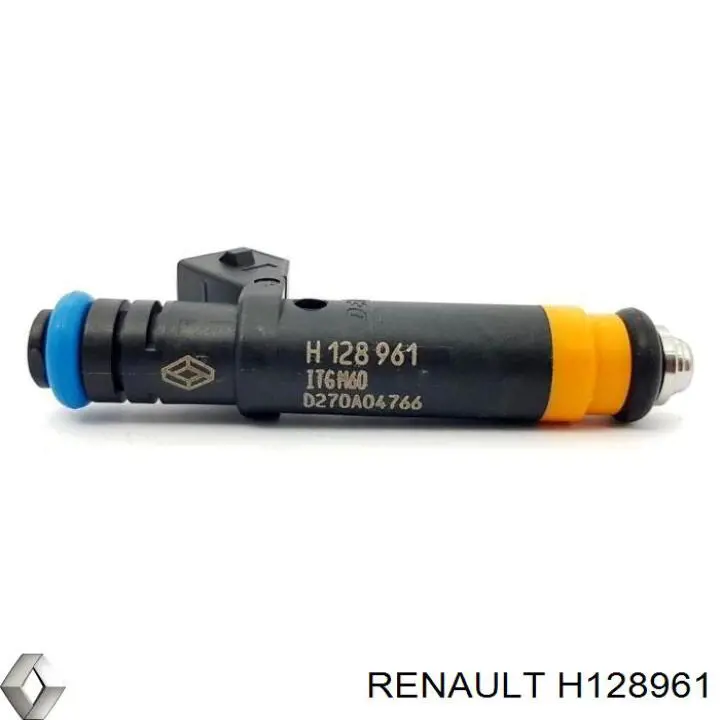 H128961 Renault (RVI) 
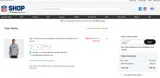 Detroit Lions coupon verification screenshot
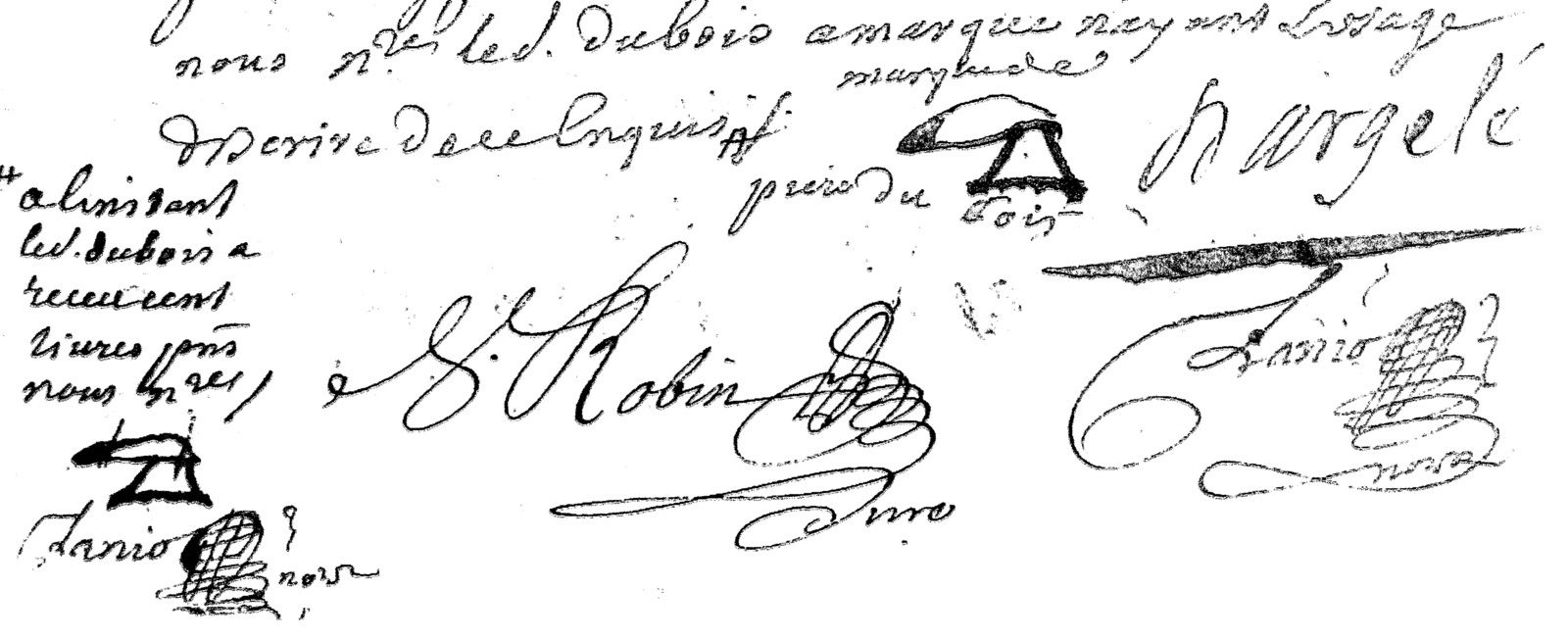 1674/1690 - Le meunier Pierre Dubois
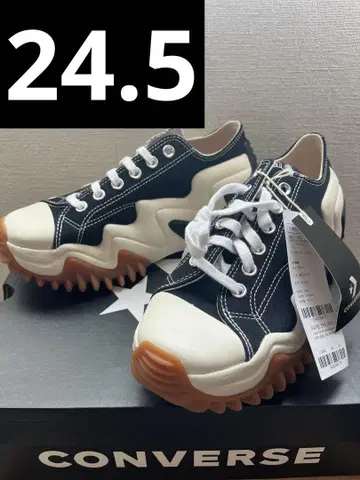 컨버스 란스타모션 로우컷 한국 한정판 24.5cm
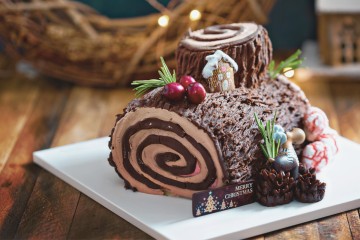 I segreti del buon tronchetto di Natale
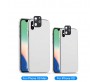 Apple iPhone X CP-03 Zore iPhone 11 Pro Max Kamera Lens Dönüştürücü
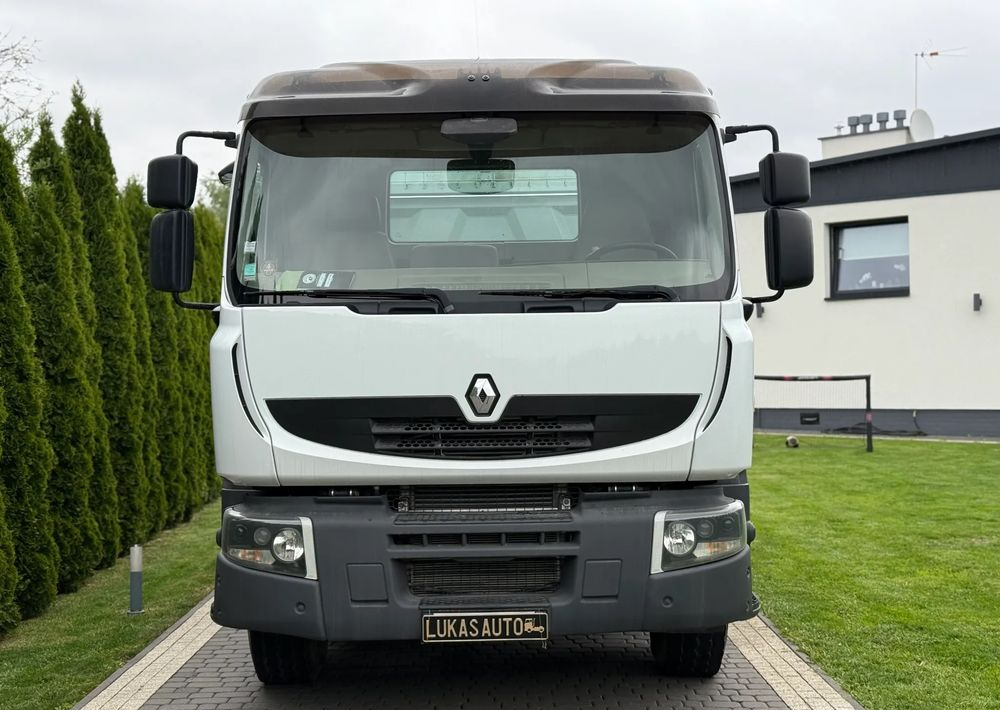 Renault PREMIUM 410 DXI 6X4 TIPPER - Camião basculante: foto 4 Renault PREMIUM 410 DXI 6X4 TIPPER - Camião basculante: foto 4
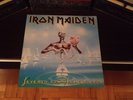 Iron Maiden Seventh Son Of A Seventh Son - FAME Issue vinyl record LP UK FA3247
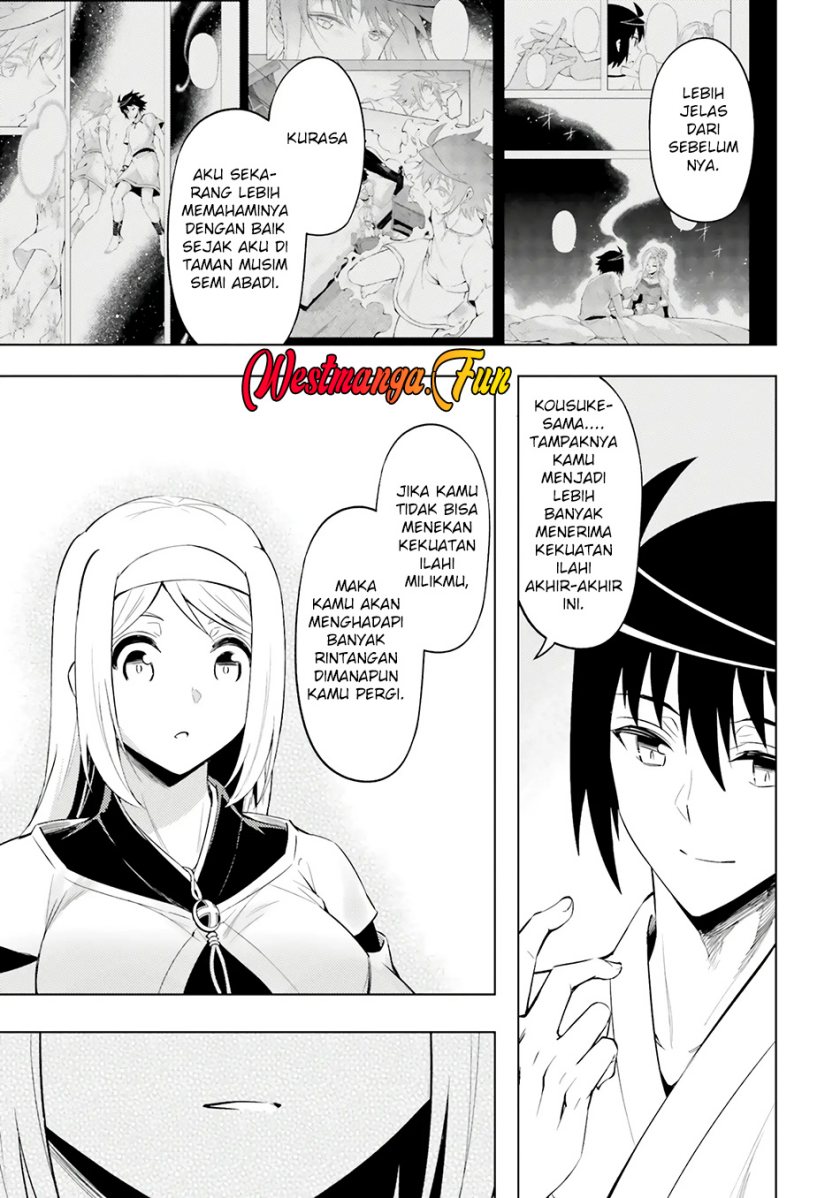 Tono no Kanri o Shite Miyou Chap 72 - Next Chap 73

________________________

> WHAT YOU WILL DO:
Output each record above exactly as it stands, excluding all pictures.

> RESULT FOR THIS EXERCISE:
 H128961 Renault (RVI) 
 Detroit Lions coupon verification screenshot
 1674/1690 - Le meunier Pierre Dubois
 컨버스 란스타모션 로우컷 한국 한정판 24.5cm
 I segreti del buon tronchetto di Natale
 Apple iPhone X CP-03 Zore iPhone 11 Pro Max Kamera Lens Dönüştürücü
 Renault PREMIUM 410 DXI 6X4 TIPPER - Camião basculante: foto 4 Renault PREMIUM 410 DXI 6X4 TIPPER - Camião basculante: foto 4
 Iron Maiden Seventh Son Of A Seventh Son - FAME Issue vinyl record LP UK FA3247
 Tono no Kanri o Shite Miyou Chap 72 - Next Chap 73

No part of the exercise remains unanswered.